Des signes positifs au niveau européen
La représentation française auprès de la Commission Européenne semble désormais partager les réticences exprimées par la Plateforme et a fait savoir qu’elle ne souhaitait pas que la Commission impose une obligation de moyen pour améliorer les performances de collecte alors que traditionnellement l’UE impose des objectifs en laissant aux Etats-Membres le soin de choisir les moyens pour les atteindre.

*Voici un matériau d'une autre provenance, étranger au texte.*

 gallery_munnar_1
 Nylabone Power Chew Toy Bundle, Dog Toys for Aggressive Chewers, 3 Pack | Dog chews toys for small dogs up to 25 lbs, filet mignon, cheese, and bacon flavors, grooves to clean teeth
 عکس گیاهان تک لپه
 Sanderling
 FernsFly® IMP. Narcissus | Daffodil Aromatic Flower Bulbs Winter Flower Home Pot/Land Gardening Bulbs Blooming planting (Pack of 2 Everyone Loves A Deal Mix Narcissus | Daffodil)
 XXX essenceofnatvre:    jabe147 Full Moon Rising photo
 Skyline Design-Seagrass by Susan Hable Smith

Le Syctom est très actif à Bruxelles à ce sujet. Depuis janvier, il a alerté la Commission sur les effets pervers que l’instauration de ce dispositif fera supporter à la fois aux consommateur (renchérissement du prix de la bouteille sans possibilité assurée d’accéder à la déconsignation) et à l’environnement (+ 30% de hausse de consommation de boissons vendues en bouteille plastique depuis l’instauration de la consigne en Allemagne- source : Agence allemande de l’environnement).
Frédérique Ries (Rapporteure de Renew / Belgique) a repris une partie des amendements proposés par le Syctom concernant l’article 44 du projet de règlement. Son Rapport offre aux Etats la possibilité de ne pas mettre en place de dispositif de consigne dans le cas où ces derniers atteindraient 85 % de collecte (et non 90% comme prévu initialement par la Commission). Elle offre ainsi la possibilité à ces états de demander l’exemption de la mise en place de la consigne « recyclage » sous réserve d’assortir leur demande d’un plan d’action soumis à la commission.

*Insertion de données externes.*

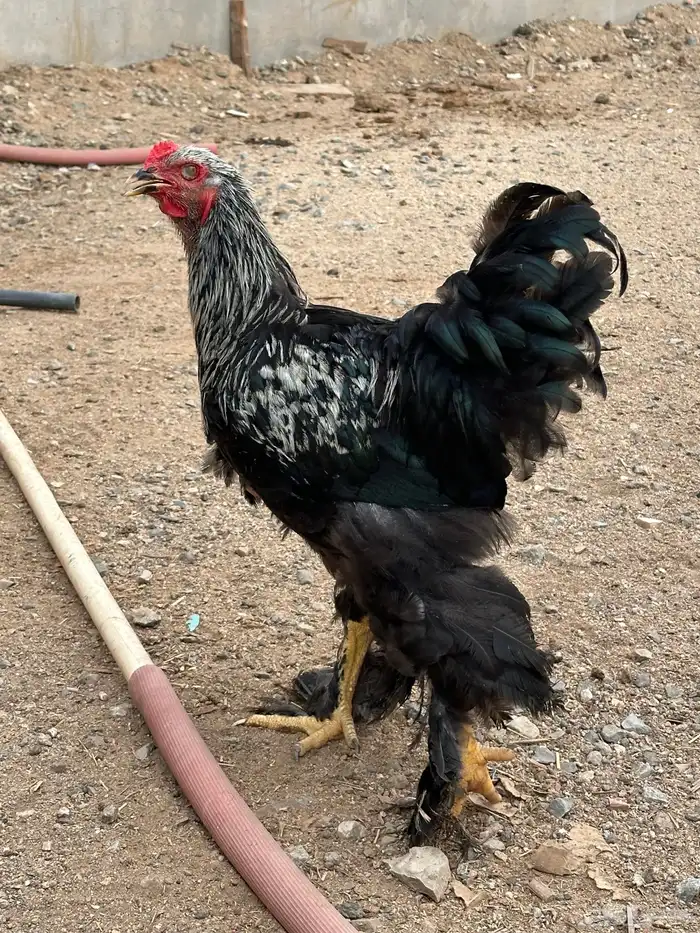 ديوك براهما وأطقم براهما دجاجة وديك 13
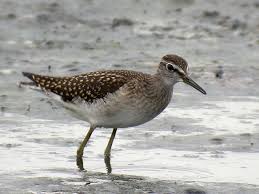 Attēlu rezultāti vaicājumam “Tringa glareola”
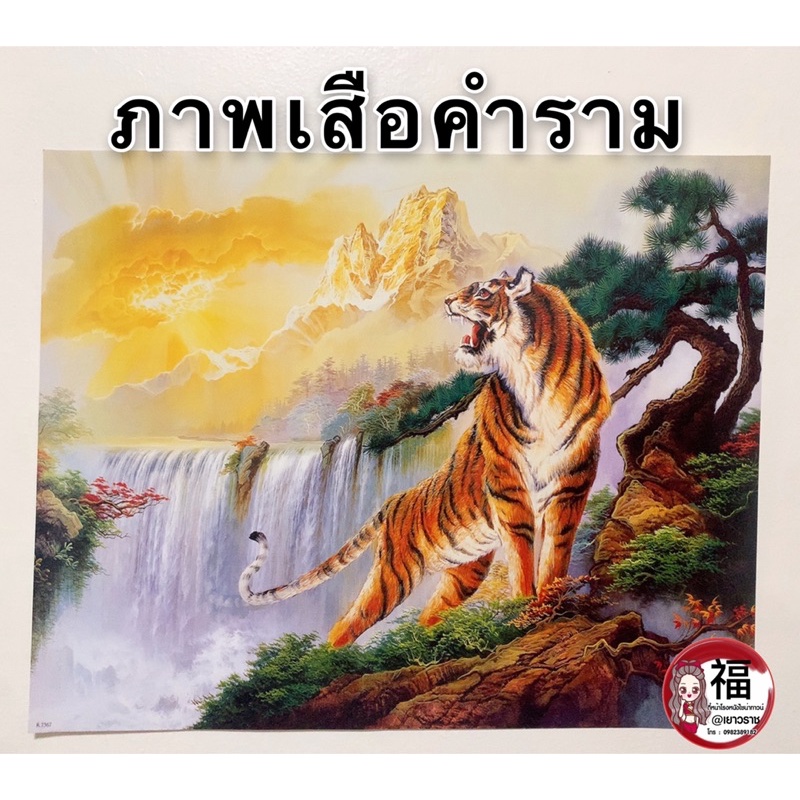 รูปภาพมงคล-เสือเหลียวหลัง-น้ำตก-ขนาดภาพ-16x20นิ้ว-40-6x50-8-ซม-แก้เคล็ด-เสริมฮวงจุ้ย-สิริมงคล-เสริมดวง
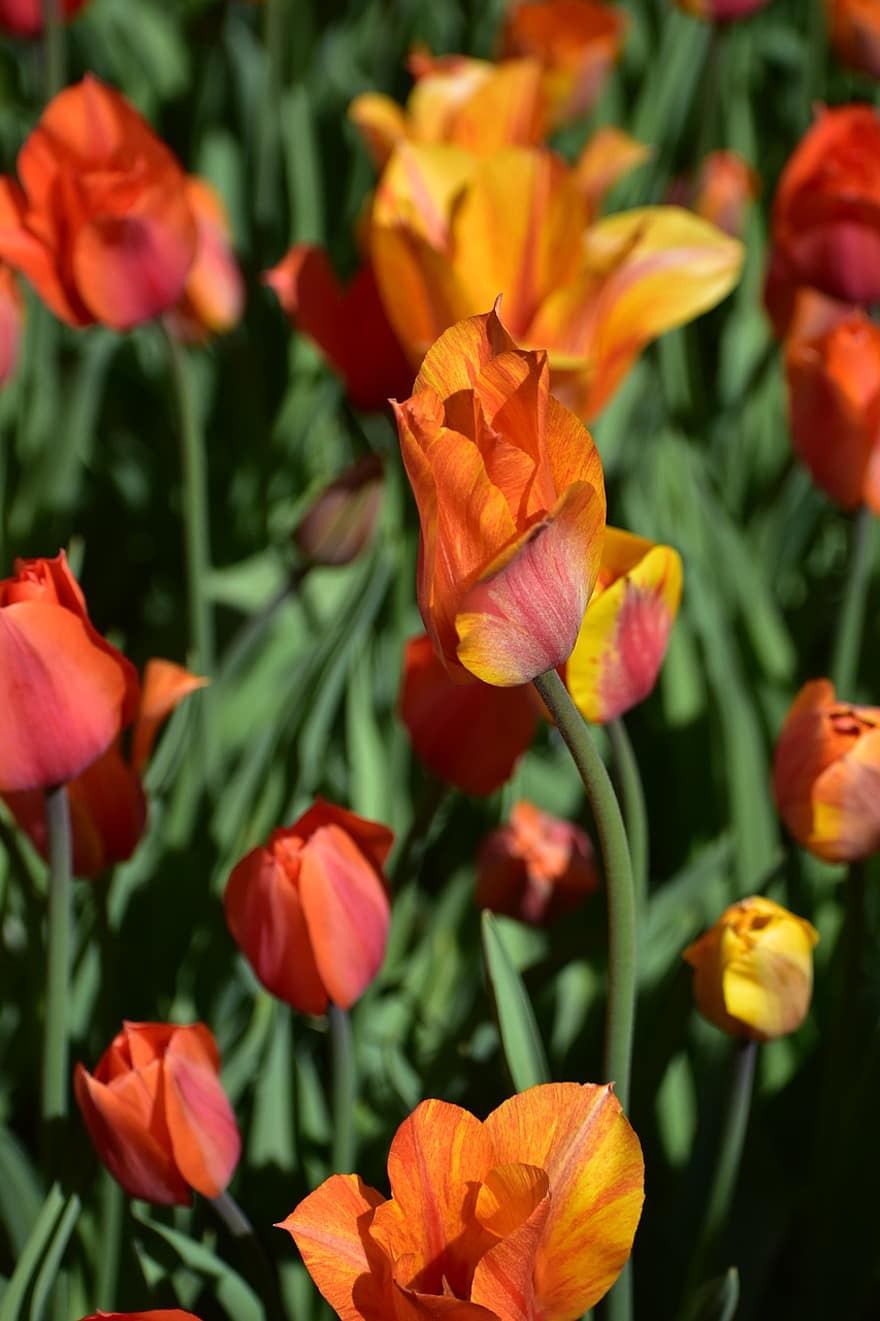 Iris, Flowers, Nature, Garden, Plants, Bloom, Amsterdam, Keukenhof, Holland, Netherlands, Field Of Flowers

Le principe d’une consigne pour recyclage : une fausse bonne idée
Si la captation des flux sur l’espace publique doit être réinterrogée, le principe d’une consigne pour recyclage est une fausse bonne idée d’un point de vue écologique, économique et sociétal.
- Ecologique parce que c’est réhabiliter le plastique alors qu’il faudrait tout faire pour le réduire et l’éliminer, en faisant, par exemple, la promotion de l’eau du robinet plutôt que de celle en bouteille. A ce titre, l’exemple allemand est parlant : la consigne pour recyclage a conduit à une augmentation de 30% de la production de plastique.
- Economique parce que cela instaurerait une double peine pour les consommateurs / contribuables : d’un côté, le prix d’achat des bouteilles en plastique augmenterait par la mise en place de la consigne et de l’autre, la perte des recettes du recyclage du plastique pour des syndicats publics de traitement comme le Syctom serait répercutée sur le budget des collectivités (et donc des ménages) alors que les syndicats de traitement ont conséquemment investis ces dernières années pour moderniser les centres de tri et les adapter aux nouveaux flux.
- Sociétal car depuis 1er janvier 2023 les règles de tri sont les mêmes sur tout le territoire français et les taux de recyclage plastique des ménages (la poubelle jaune) sont en hausse constante. Ce qui signifie que les règles de tri ont été comprises et assimilées et continuent de l’être. La mise en place de la consigne changerait à nouveau ces modalités. Il faudrait alors expliquer aux citoyennes et citoyens que ce qu’ils ont réussi à mettre en place ne serait plus valable… avec le risque de faire baisser la qualité du tri et les taux de recyclage.